Ferrari vollzog sein Aero-Paket mit neuen Seitenkästen, Unterboden und Heckflügel im ersten Training einem Vergleichstest. Carlos Sainz fuhr die neue, Charles Leclerc die alte Version. Am Nachmittag waren beide SF-24 mit dem neuen Paket ausgerüstet. Der zweite Platz von Sainz und Rang sechs von Leclerc zeigen, dass sich Ferrari auf seine Simulations-Werkzeuge verlassen kann. Die neuen Teile sind ein Fortschritt.

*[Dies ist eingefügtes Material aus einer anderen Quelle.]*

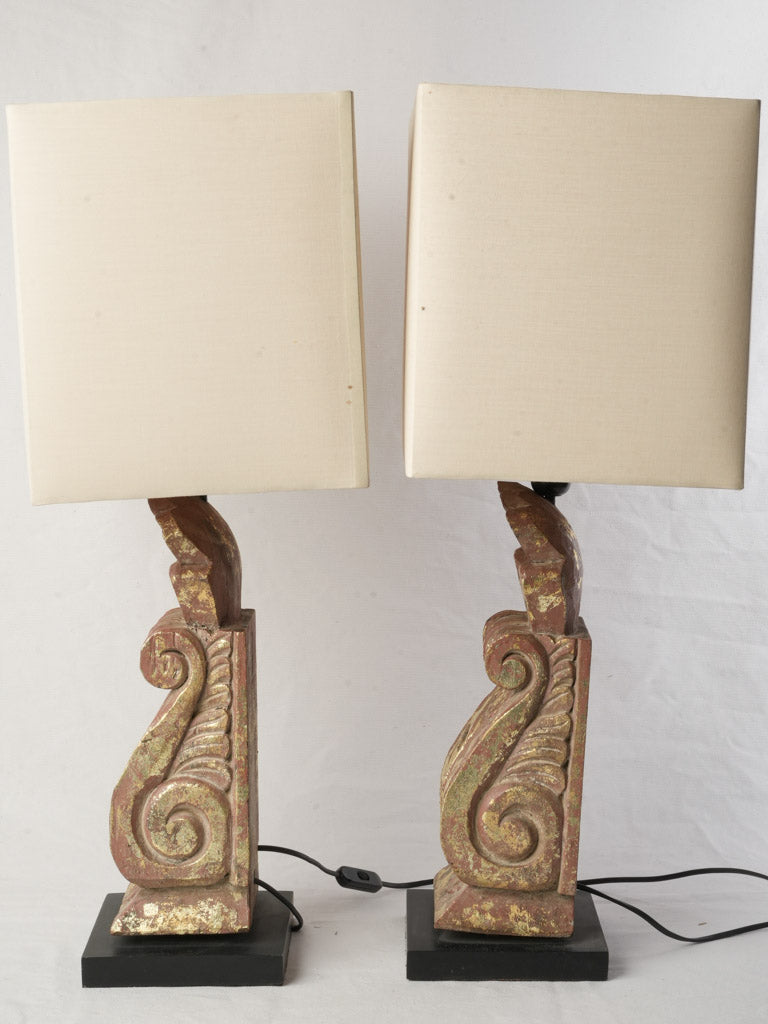 Pair of French Gilt Bosierie Table Lamps W/ Square Shades Circa 1970s - 28¾"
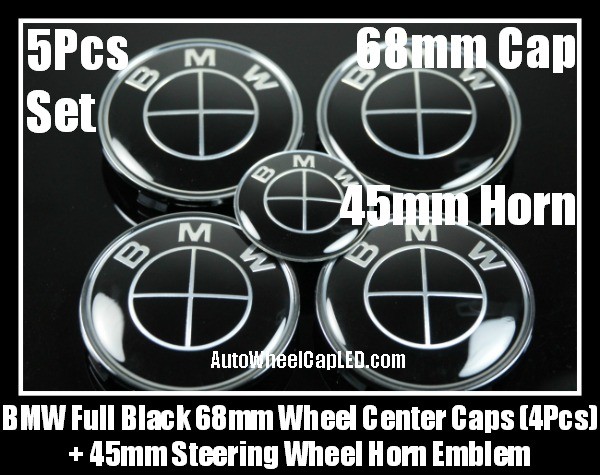 BMW Full Devil Black 68mm Wheel Center Caps 45mm Steering Horn Badges Emblems Roundels 5Pcs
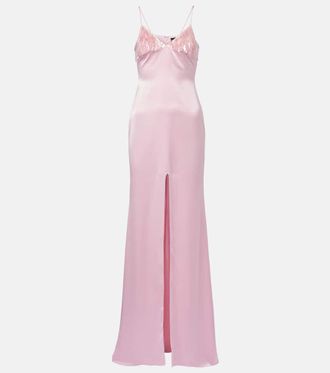 DAVID KOMA Sequined satin gown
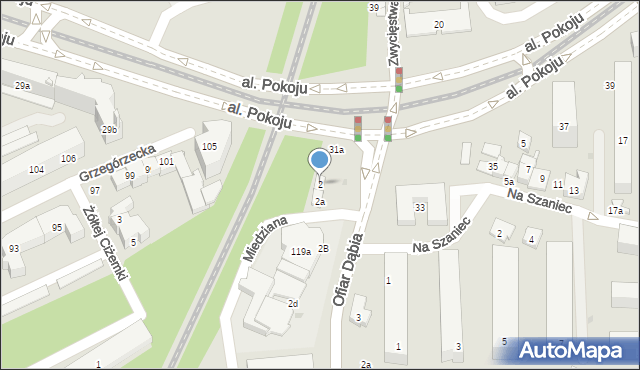 Kraków, Ofiar Dąbia, 2, mapa Krakowa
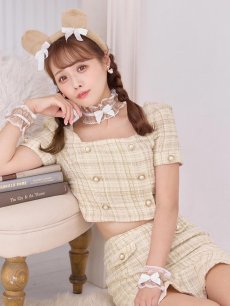 画像1: 【SALE!!】【即日発送】【ハロウィン】ツイードくまセットアップ/ベア 【コスプレ6点セット】 【XS-Mサイズ/1カラー】[HC03] (1)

Carlos Sainz war mit seinem zweiten Platz zufrieden. Auf Hamilton fehlten 22 Tausendstel. "Aber im Longrun müssen wir uns noch steigern", warnte der Spanier. Sainz fühlte sich ein bisschen an das Vorjahr erinnert, als bei den Ferrari im Rennen die Reifen einbrachen. "Das heißt für uns, dass wir uns am Samstag noch einmal um den Longrun-Speed kümmern müssen." Ganz so schlecht, wie sich der Spanier machte, war es dann auch nicht. Auf Norris fehlten in der Rennsimulation auf Soft-Reifen zwei Zehntel pro Runde, auf Hamilton eine.
Leclercs Ferrari war eine größere Baustelle. Bei der Startnummer 16 wurde während des zweiten Trainings die komplette Fahrwerkseinstellung an der Vorderachse umgebaut. Deshalb fehlten ihm am Ende die Runden im Longrun. Der Monaco-Sieger klagte über Balance-Probleme. "Ich fühle mich noch nicht wohl im Auto."

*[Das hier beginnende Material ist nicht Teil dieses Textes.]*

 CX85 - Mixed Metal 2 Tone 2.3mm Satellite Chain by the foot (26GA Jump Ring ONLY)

Ist McLaren ein Siegkandidat?
Red-Bull-Sportchef Helmut Marko ist überzeugt: "McLaren ist zur Zeit unser größter Gegner. Egal auf welcher Strecke." Lando Norris hinterließ sowohl auf eine Runde als auch im Longrun einen extrem starken Eindruck. In seiner schnellsten Runde lag der Miami-Sieger nur 0,055 Sekunden hinter der Bestzeit. Im Soft-Longrun egalisierte er die Rundenzeiten von Russell, der seinen Dauerlauf allerdings auf zwei Portionen aufteilte.
Bei den Rennsimulationen teilten sich Oscar Piastri und Lando Norris die Aufgaben. Piastri wurde mit der Maßgabe in den Dauerlauf geschickt, gleich von Beginn an Attacke zu machen. Norris sollte den Stint langsam angehen. Piastri war am Ende einen Hauch schneller. Er gewann am Anfang des Stints eine Sekunde pro Runde auf seinen Teamkollegen, büßte aber genau diese Sekunde zum Schluss wieder ein.

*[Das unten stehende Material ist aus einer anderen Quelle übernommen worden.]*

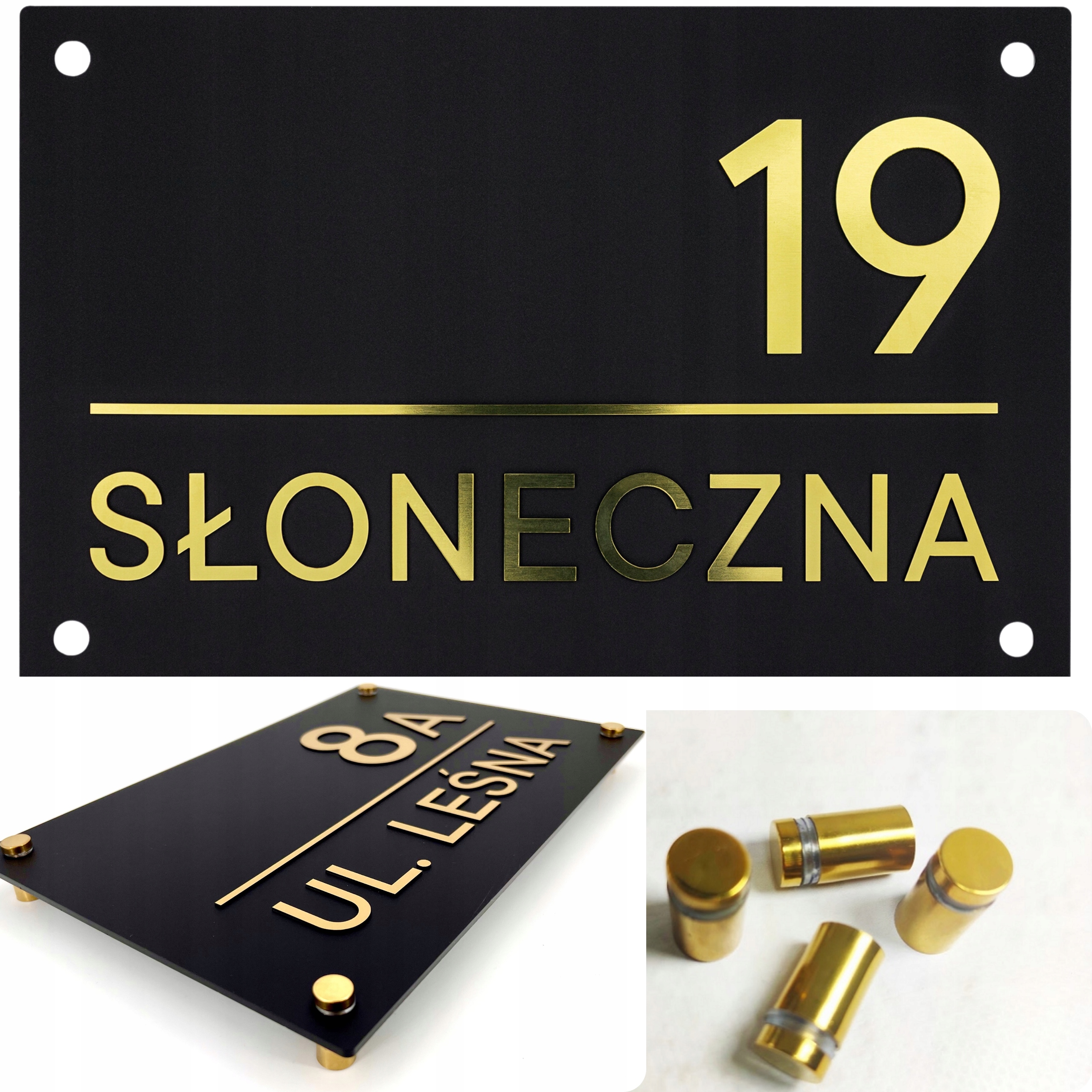 TABLICZKA ADRESOWA PLEXI NUMER DOMU TABLICA ADRES Z NUMEREM 19x29 CM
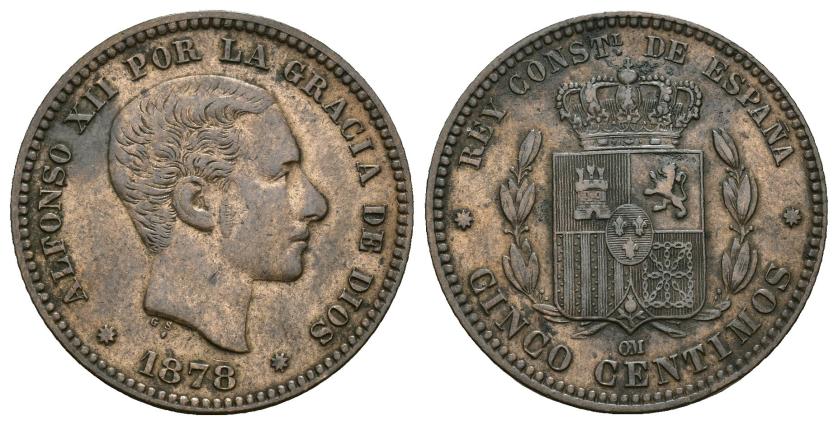 549   -  ALFONSO XII. 5 céntimos. 1878. Barcelona. OM. Cu 5,08 g. 25,2 mm. VII-43. R.B.O. MBC+/MBC.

Wie erklärt sich das Alpine-Wunder?
Montreal war für Alpine mit drei WM-Punkten ein Highlight. Teamchef Bruno Famin schob es auf den Wetter-Mix in Kanada. Der Regen beflügelte Alpine. Famin befürchtete, dass Barcelona die französischen Nationalrenner wieder auf den Boden der Tatsachen zurückholen würde. Doch Pierre Gasly und Esteban Ocon schafften es in beiden Trainings in die Top Ten. Danach fragte sich jeder, wie es möglich ist, dass es ein aerodynamisch ineffizientes Auto, das seit dem GP China ohne Upgrades auskommen musste, auf die Plätze vier und neun schafft.
Reflexartig würde man sagen, dass Alpine mit weniger Sprit und mehr Motor-Power gefahren ist. Das spielt sicher eine Rolle, ist aber nicht die ganze Antwort. Gasly und Ocon machen auch im Longrun eine gute Figur und sind sowohl auf dem Soft-Reifen wie den Medium-Gummis schneller als die direkte Konkurrenz von Toro Rosso, Williams, Haas und Aston Martin. Gasly gab zu: "Der vierte Platz im zweiten Training schmeichelt uns ein wenig. Wir wissen nicht, welche Programme die anderen fahren, aber dieser Tag war definitiv eine gute Überraschung für uns. Das Auto fühlt sich besser an als wir es auf dieser Strecke erwartet haben."
Was läuft bei Toro Rosso und Aston Martin schief?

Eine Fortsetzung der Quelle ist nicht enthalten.